Why would she hate you that much to want to hurt you through your fish? That is obviously the problem that needs fixing.


----------



## dramaqueen (Jul 7, 2008)

Something isn't right in the head with this girl for wanting to kill animals.


----------



## birdielikestomatoes (May 2, 2012)

Wow, if I were you I'd find a way to move the tank somewhere safer as well as bringing the issue up with your parents. 

She sounds like she needs some serious therapy. :\


----------



## Luimeril (Dec 29, 2010)

a lot of people are of the mentality that they're 'just fish'. while to us, they're more than that, not a lot of people think the way we do about them. nothing wrong with them, they just don't love bettas the way we do.

personally, i'd bring the issue up to your parents. tell them how much it bothers you that she think so little of something that is yours, and that, even if they don't see the life of a betta the way you do, the fact that she's threatening something that is YOURS upsets you.


----------



## Bettagirl101 (Apr 15, 2012)

Yeah she has some serious mental issues. She was on some medicine but stopped taking it because it made her tired and depressed. My parents know about this and they won't let me move my fish to my room. They like having him there.


----------



## Bettagirl101 (Apr 15, 2012)

Even if I told my parents they would not do anything about it. They also have the mind set that it is just a fish. At least they are not trying to kill my fish.


----------



## MyRainbowBettaFish (May 9, 2012)

i hate seeing anyone with anger with animals, and killing animals. It hurts me. But one day, this will bite her in the back, literally 

Maybe divide a 4 gallon temproarily with your other betta in you bedroom?


----------



## Aus (Feb 3, 2012)

This is pretty sad. I'm sorry you have to feel this way in your own home, and that your fish is maybe not safe. 

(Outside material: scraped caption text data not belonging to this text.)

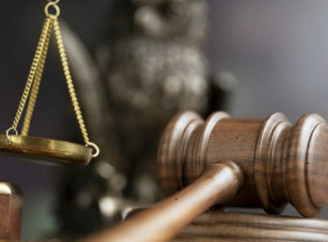 У Сумах винесли вирок чоловіку, який у масці напав на своїх колишніх клієнтів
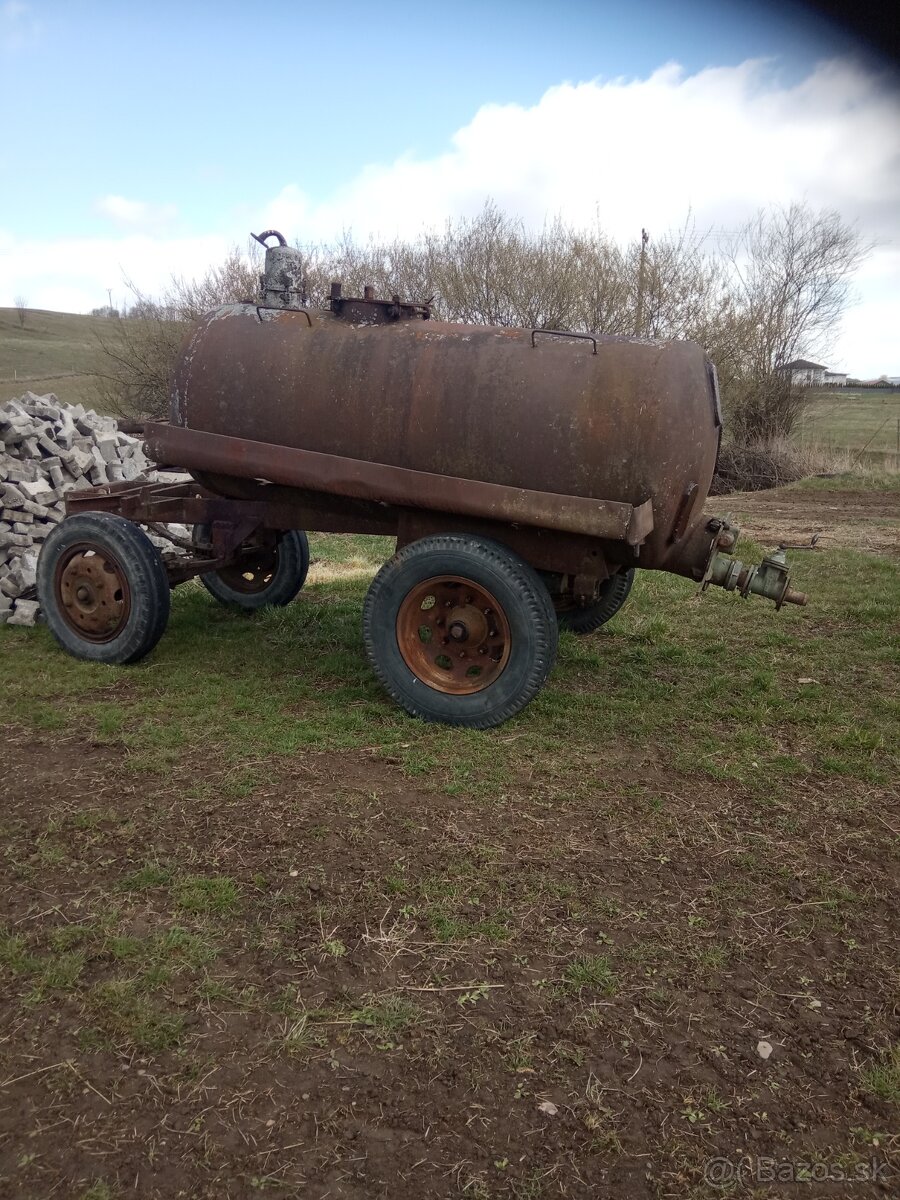 Zetor fekal 3000litrov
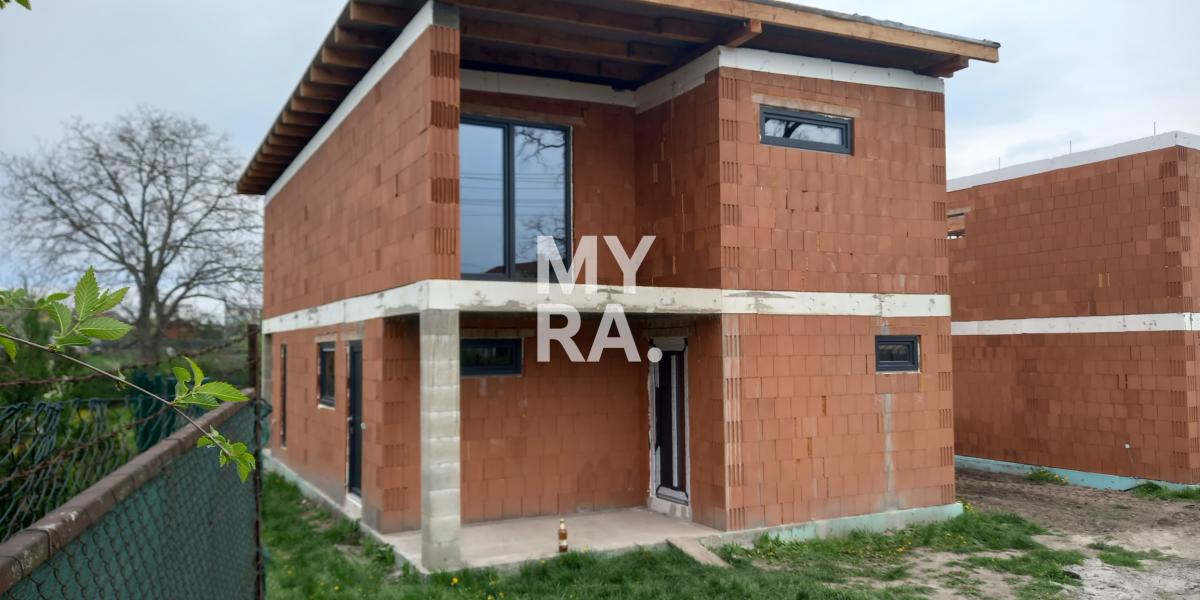 Rozostavaný 4 izbový dom Sokoľany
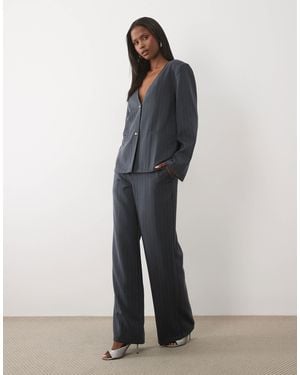 Vila Pantalon d'ensemble large ajusté à rayures fines - gris foncé chiné - Bleu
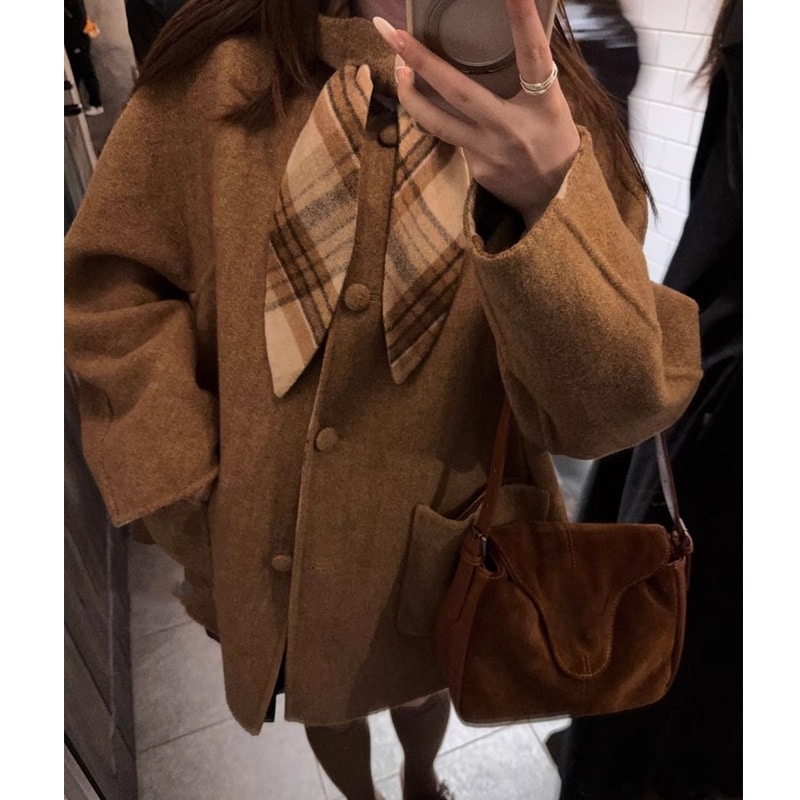 両サイドにラビットネックのフード付きマントの両サイドにコートを着ている女性の甘い毛のコートはゆったりしている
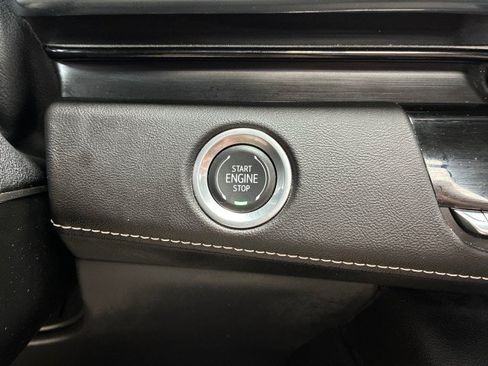 Used 2024 Cadillac Escalade Sport w/ LPO, ONYX Package RWD image 27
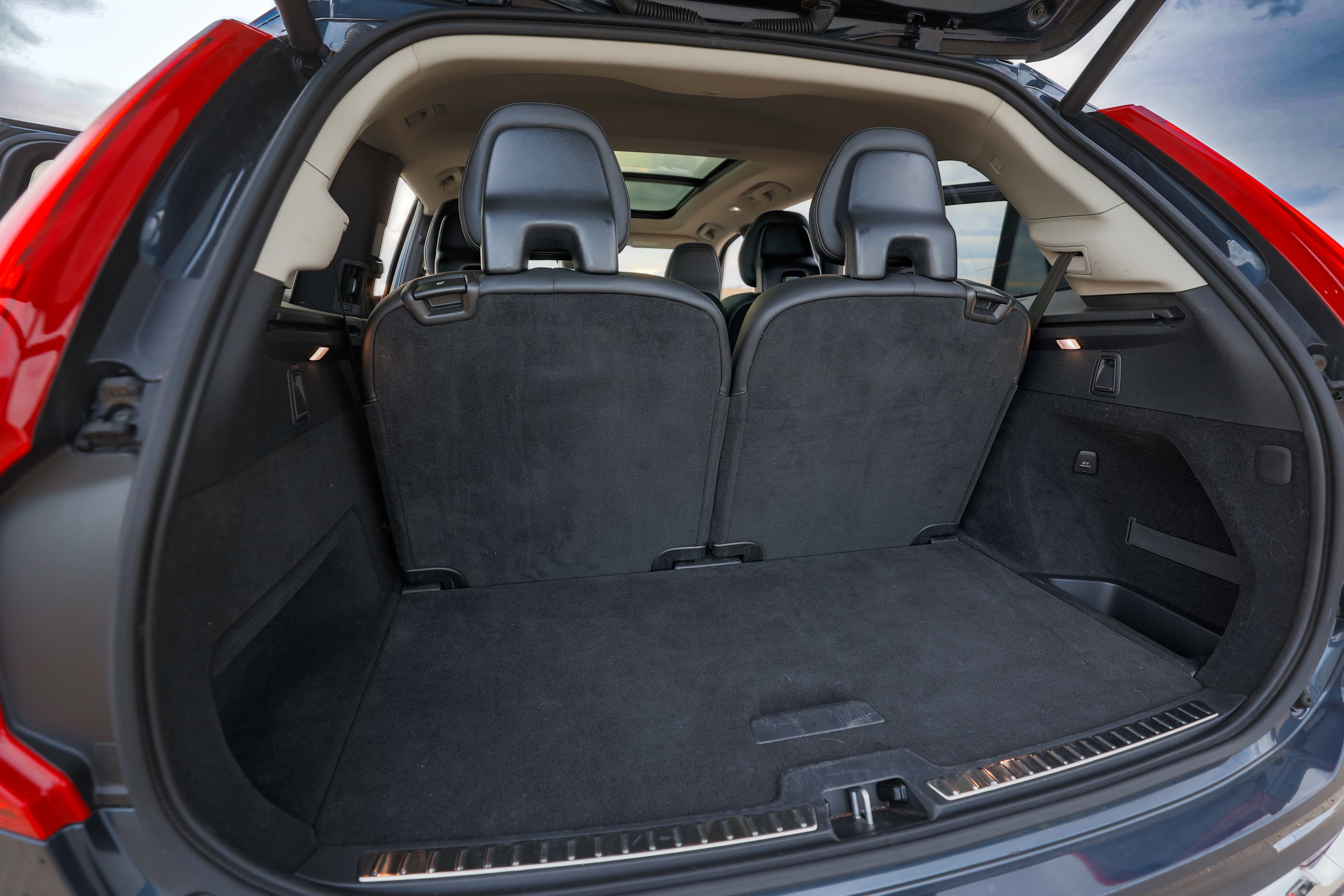 VOLVO XC-90 - Photo 13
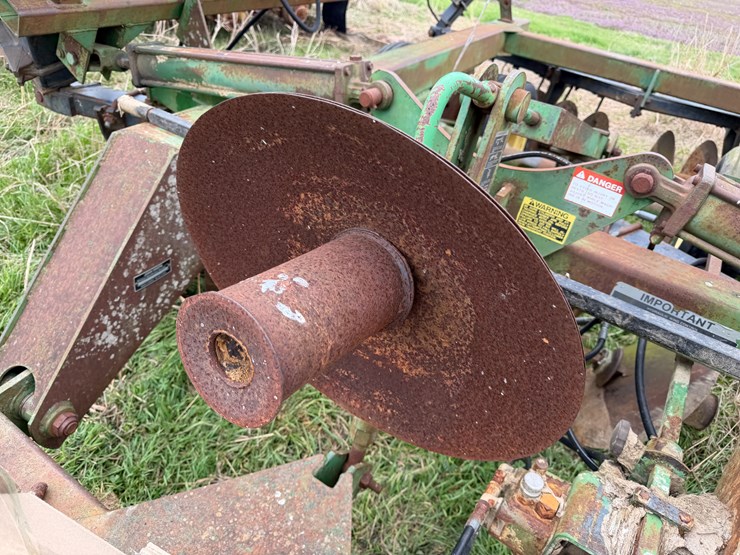 john-deere-630-image-31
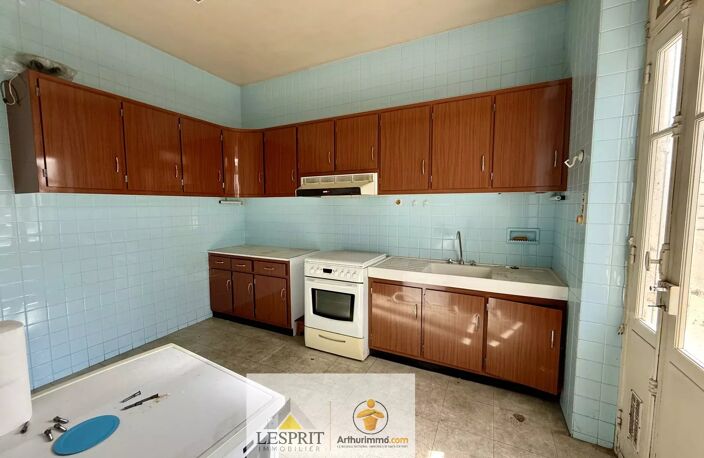 EN EXCLUSIVITÉ – Maison de caractère avec ascenseur au cœur de Brive — photo 3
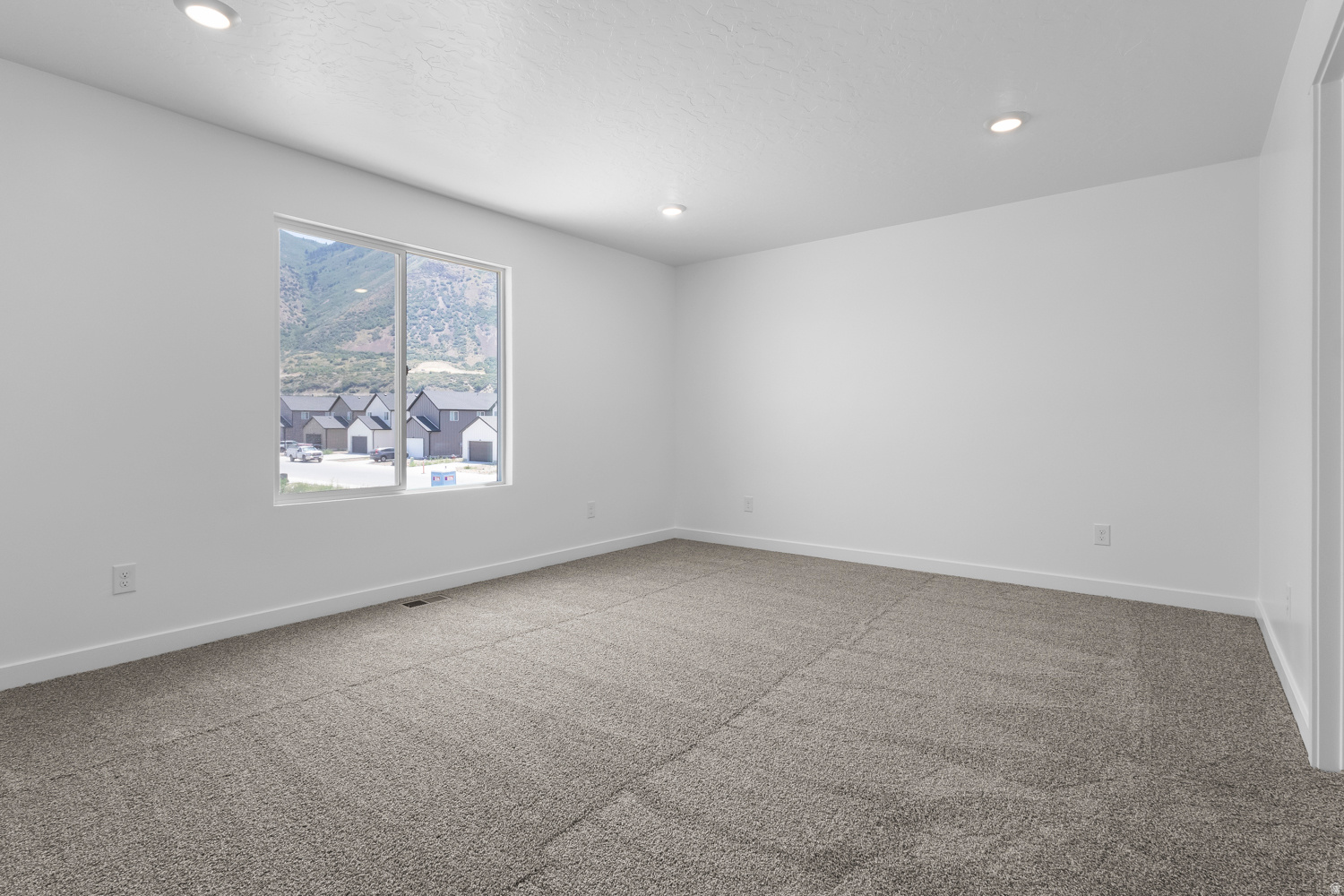 VIRIDIAN - Residential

It's sad too that you are not being heard. Your sister's bullying is not acceptable behaviour - and she should not get away with it. 

There's two issues here - 1/ the welfare of your pet and 2/ the bullying. Yes, this is bullying, and in a 19 year old young woman, depressed or whatever or not, it's damn pathetic. 

Perhaps raise it with your parents as a bullying issue, rather than it being about your pet (if nobody else gives a crap about your fish's well being). Tell them you are having a hard time coping with the threats to your pet, because you feel it's aggression against you, yourself (which, let's face it, it probably is).

Maybe they don't care about a fish. But they'll probably listen better to that angle on the problem because they care about you.


----------



## Bettagirl101 (Apr 15, 2012)

I will try to divide my 5 gallon that is in my room. I'll talk about it to them but I don't know if anything will be done. I hope they will let me divide my 5 gallon.


----------



## OhNoLenX (Aug 28, 2012)

I knew a kid that was mean to dogs, literally screamed in their ears and beat them with sticks... he ended up with 37 stitches and facial scars he will have to live with for the rest of his life. The dog that did it went to a second chance ranch and is doing wonderful. The boy... probably wont abuse animals again.

Just saying, it might not be a betta fish, but what goes around comes around. Having a "mental issue" is just an excuse to get what you want or that your a brat, especially if its an anger issue. A good butt kicking usually solves it pretty well.


----------



## whiskandbowl (Aug 21, 2012)

OhNoLenX said:


> Having a "mental issue" is just an excuse to get what you want or that your a damn brat, especially if its an anger issue. A good ass kicking usually solves it pretty well.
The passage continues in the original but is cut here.